Where’s the Diversity in Animal Welfare Advocacy?

During the economic downturn we stopped spending money on lots of things. But what did we not stop spending money on? Our pets. In fact, spending on pets actually increased during the recession, which is why every bozo with a gimmick is starting a pet-related business.

So why does that love for our pets not translate into advocacy?

Why do all vegans in the media seem to look like this? Are there no vegans of color? No fat vegans?  (Photo: Greenprophet.com)
Well, for one reason, the animal welfare “clique” isn’t very inclusive.

And that’s not just me saying that, though I’ve been saying that for several years now. No, Dr. Corey Lee Wrenn analyzed media from two major animal rights movement publications and found evidence it’s true.

For instance,  60% of the photo subjects in those publications were of women, over 80% were white, and over 90% were thin. So much for diversity.

Kaley-Cuoco, the lastest face of animal welfare advocacy (By Mingle Media TV [CC BY-SA 2.0 (http://creativecommons.org/licenses/by-sa/2.0)%5D, via Wikimedia Commons)
This idea that one can change the world without inclusion is an idiotic one, and yet groups of well-intentioned people fall into that trap all the time. It’s an elitist and bigoted message that implies, “You really don’t fit in with us, but we’ll  call you if  we need you to do some grunt work.”

Bully for you asshole. If you keep sending me the message you won’t want me, you can rest assured I won’t be there to help. I have better things to do with my time.
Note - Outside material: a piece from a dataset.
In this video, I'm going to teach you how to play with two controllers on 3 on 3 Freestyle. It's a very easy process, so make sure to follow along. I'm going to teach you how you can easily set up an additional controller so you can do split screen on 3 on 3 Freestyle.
So what’s the answer? That’s up to the advocacy groups. Ready to open up your ranks yet to rest of us?


Dr. Wrenn’s research entitled An Analysis of Diversity in Nonhuman Animal Rights Media was published in December 2015 in the Journal of Agriculture and Environmental Ethics.



16 thoughts on “Where’s the Diversity in Animal Welfare Advocacy?
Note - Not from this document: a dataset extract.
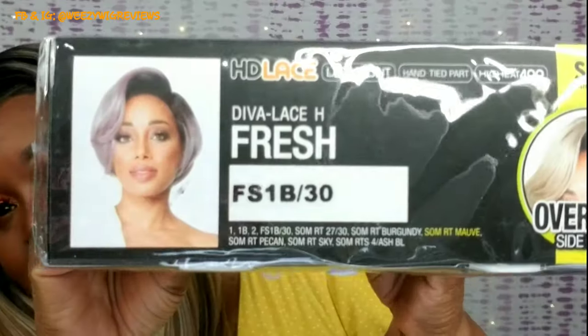The unit is by Sister Wig or Zuri Hollywood — whichever one you want to say. It is a unit that I got in the color FS1B30. Her name is Diva Lace H Fresh. Look at that — ain't that cute? So I'm gonna get her unboxed, get the lace cut, style her up, and I'll come back and let you know my thoughts in the outro. You want to see Miss Diva Lace H Fresh in the color FS1B30? Keep watching.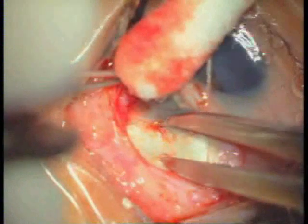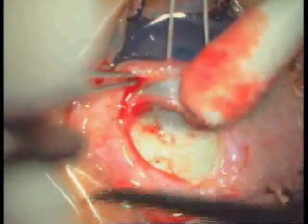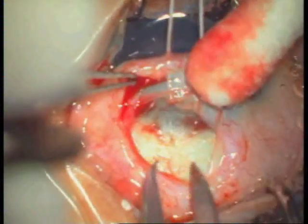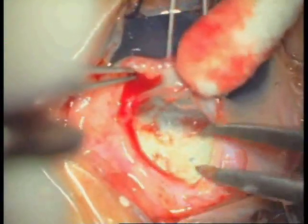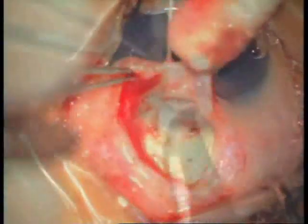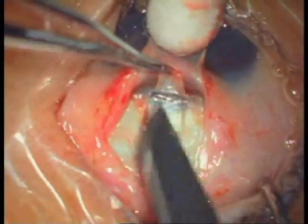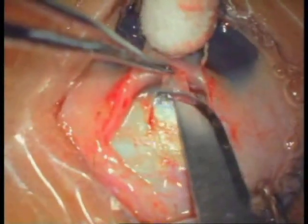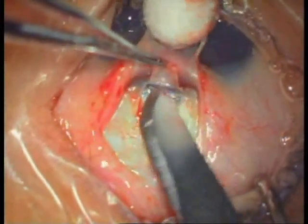A partial thickness rectangular flap of 4 mm by 4 mm is made using a Castroviejo caliper. Careful dissection of the sclera is done until the clear cornea is reached. The limbal anatomy is carefully studied under high magnification.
  1. I dislike that living vegan or vegetarian turned into a market niche what became infected with lies and false promises now too, just to milk it like the real cows we don’t want to milk anymore. And I was surprised that vegan products are next to the deli food in our stores now (yes the price fits). I had no clue that to live without meat and without animal products is luxury for the opinion makers :o(((

    1. Yeah! In my town if I want to shop for vegan or cruelty-free I have to go to the beach where the people with money shop. Us normal folk aren’t marketed to.

  2. Odd.The image in the study does seem misguided. Although some people want to stand next to and say they are part of a group of “pretty people”.
    The makeup of rescue groups seems be very different than here – almost totally opposite – don’t look for any perfect nails in the local ones. Maybe there are more Hollywood/celebrity/high dollar social club “rescues” in other parts of the country. The last groups can afford to pay for glossy publications and media ads (which caught the study’s attention) – the feet on the ground groups would rather spend that money on the animals and their care…but they don’t get dresses and go to galas either.
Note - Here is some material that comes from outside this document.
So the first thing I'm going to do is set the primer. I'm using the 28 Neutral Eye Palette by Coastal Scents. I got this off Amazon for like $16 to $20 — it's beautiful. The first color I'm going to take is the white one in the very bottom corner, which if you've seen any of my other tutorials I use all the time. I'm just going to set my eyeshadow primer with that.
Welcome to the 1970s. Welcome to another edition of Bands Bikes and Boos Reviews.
    1. You are referring to those already involved in rescue while Dr. Wrenn and I are referring to advocacy groups that send the message that only a certain type of person is welcome in their ranks.

      1. True, but this study is what we in research call an analysis of a literature search. A limited one.
        Not sure that’s intentionally the message the advocacy groups intend to send, but it could be interpreted that way. They should take notice. National/big advocacy groups are out to make big money, get noticed by decision makers, and draw people in. Nothing does that on a national like glitz, flash, and the rich and famous (who have the time and wardrobe to pose and then all see each other and brag about their involvement). Face it, nothing draws money in like the chance to be around “pretty”.
        Things vary by location, but the general public ( who don’t ever see the glossy mags) are probably more familiar with their local rescue groups, school programs, and shelters – those people are most likely the face that the average ordinary person connects with animal rescues. At least that’s around here. Who has time for the fancy?
        Interesting. It’s kinda like the serious dog breeders and dog show people – guarded cliques.(But at least the advocates actually help animals). People are just basically weird.

  3. So true! And unless you’re a disabled veteran, don’t have a disability. I volunteered for every event a local pet pantry had but no one would pick me up. I’m legally blind and don’t drive so no one wanted to let me help. Every time I see them now, their new volunteers ask if I want to volunteer. I tell them I was a volunteer but “didn’t fit” with them.

    1. Good for you. If there’s no change in leadership, there’s not likely to be a will to help you participate either. It gets on my nerves when they act like they’re so inclusive, then they aren’t.